Escolas do Sul alimentam o preconceito criando eventos como: “Se nada der certo” ou “Vá vestido de Favelado” e causam revolta na rede.

Um colégio particular em Itajaí, Santa Catarina, está causando controvérsia depois de mandar um comunicado para os pais dos estudantes pedindo que parte das crianças do 4º ano comparecesse à escola caracterizada de “favelados do Rio de Janeiro”. No bilhete, enviado nas agendas dos alunos, nesta quarta-feira, informava apenas que o ‘figurino’ seria usado na Festa de Integração da escola, que será realizada neste sábado.


Pai de um dos alunos, o jornalista Willian Domingues publicou o pedido da escola nas redes sociais. O filho dele, de 8 anos, já havia recusado participar da festa. Segundo Domingues, a escola pediu que os alunos se vestissem com bermuda, óculos escuros, chinelo e boné.

– Meu filho de 8 anos já havia recusado participar da festa. Quando perguntamos o motivo, ele explicou que metade das crianças iriam vestidas como ‘favelados do Rio de Janeiro’ e a outra iria de médico, advogado, com roupas mais sociais. Ele não se sentiu bem com aquilo. Ficamos indignados. Aqui em casa, sempre ensinamos e conversamos muito sobre preconceito com as crianças, ensinamos a não julgar ninguém. Nos esforçamos para pagar uma boa escola…fazemos sacrifícios para a escola ensinar o oposto do que a gente ensina em casa? – disse Willian.

Os posts nas redes sociais de Willian e da mulher, Elaine, receberam uma enxurrada de comentários contra e a favor do casal.

– A própria escola comentou no meu post e explicou que foi um equívoco. Mas, independente disso, vários pais e mães de alunos que comentaram acham que isso é normal. Disseram que o preconceito era nosso. É muito complicado. Fiquei pensando se tinha feito certo em postar isso, mas a gente não pode achar normal. Não é – disse o jornalista.

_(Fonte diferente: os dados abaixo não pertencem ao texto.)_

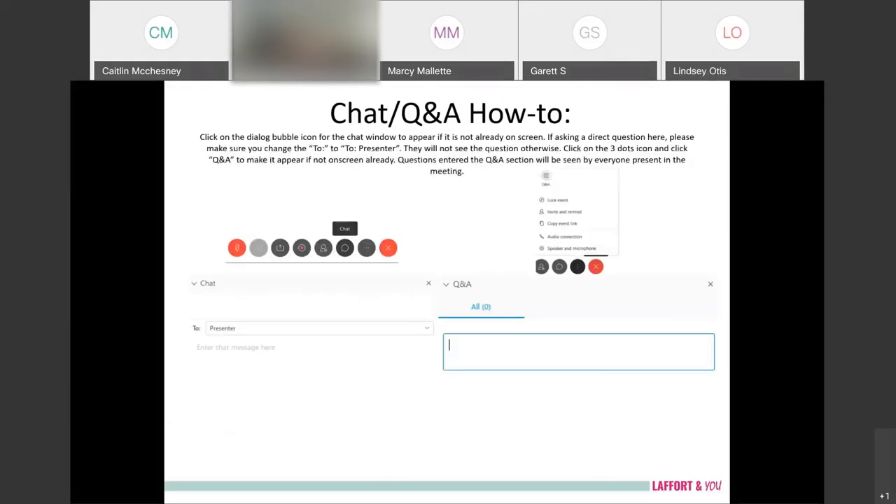We're getting back to asking questions. If you'd like to ask a question, click on the three dots icon and click Q&A and that will make it appear on your screen. All those questions I'll address at the end of the presentation.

O Colégio Cenecista Pedro Antônio Fayal explicou que a festa é realizada em comemoração às férias e que as crianças estavam aprendendo sobre desigualdades sociais. Por isso, a escola selecionou algumas canções e as vestimentas das crianças seriam interpretações dessas músicas. A escolhida para o 4º ano – e que causou toda a polêmica – foi “Alagados”, do grupo Paralamas do Sucesso.

De acordo com a diretora da escola, Fabiana Almeida, a festa é sobre cidadania solidária e que o ocorrido foi uma ‘infelicidade’.

– Foi um equívoco. Trabalhamos com as crianças as desigualdades sociais e estamos trabalhando músicas que tratem desse assunto. Realmente, da forma como foi colocado foi um equívoco, uma infelicidade muito grande, o que gerou a polêmica. Foram duas palavras juntas muito equivocadas. Nós temos mais de 50 anos de instituição, a escola tem um cunho comunitário. Não temos qualquer intenção de magoar ninguém. Isso vai contra nossa prática. Estamos nos desculpando pessoalmente com cada pai e mãe – disse a diretora.

Após a discussão gerada em torno da polêmica, a escola ainda não decidiu sobre o que será feito para a festa de sábado.

– Ainda não sabemos. Estamos analisando o que será feito. Não queremos melindrar ou constranger ninguém de qualquer forma. Sentimos muito por tudo isso – disse Fabiana.

A polêmica provocada pela escola surge menos de um mês após a festa ‘se nada der certo’ ser promovida no Rio Grande Sul. Na festa, promovida por estudantes do 3º ano do ensino médio de uma escola particular, os alunos se fantasiaram com trajes que, segundo os mesmos, representariam profissões “alternativas”, como última saída na vida de alguém em que…nada deu certo.

Entre as “fantasias” escolhidas estavam profissões como revendendor de produtos cosméticos, atendente de supermercado, ambulante, churrasqueiro, mecânico, faxineiro. Até mesmo morador de rua foi uma representação escolhida.